YOUR TASK: The records are given next. Repeat each one exactly.

(Beginning of MATERIAL FOR THE TASK)

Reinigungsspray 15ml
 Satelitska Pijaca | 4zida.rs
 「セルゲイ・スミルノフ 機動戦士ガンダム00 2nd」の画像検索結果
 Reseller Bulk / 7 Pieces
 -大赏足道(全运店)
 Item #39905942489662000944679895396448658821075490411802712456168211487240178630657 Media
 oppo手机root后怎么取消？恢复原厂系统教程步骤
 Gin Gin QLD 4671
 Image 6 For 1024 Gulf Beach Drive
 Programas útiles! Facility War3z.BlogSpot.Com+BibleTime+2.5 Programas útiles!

(End of MATERIAL FOR THE TASK)

TASK RESPONSE:
Reinigungsspray 15ml
 Satelitska Pijaca | 4zida.rs
 「セルゲイ・スミルノフ 機動戦士ガンダム00 2nd」の画像検索結果
 Reseller Bulk / 7 Pieces
 -大赏足道(全运店)
 Item #39905942489662000944679895396448658821075490411802712456168211487240178630657 Media
 oppo手机root后怎么取消？恢复原厂系统教程步骤
 Gin Gin QLD 4671
 Image 6 For 1024 Gulf Beach Drive
 Programas útiles! Facility War3z.BlogSpot.Com+BibleTime+2.5 Programas útiles!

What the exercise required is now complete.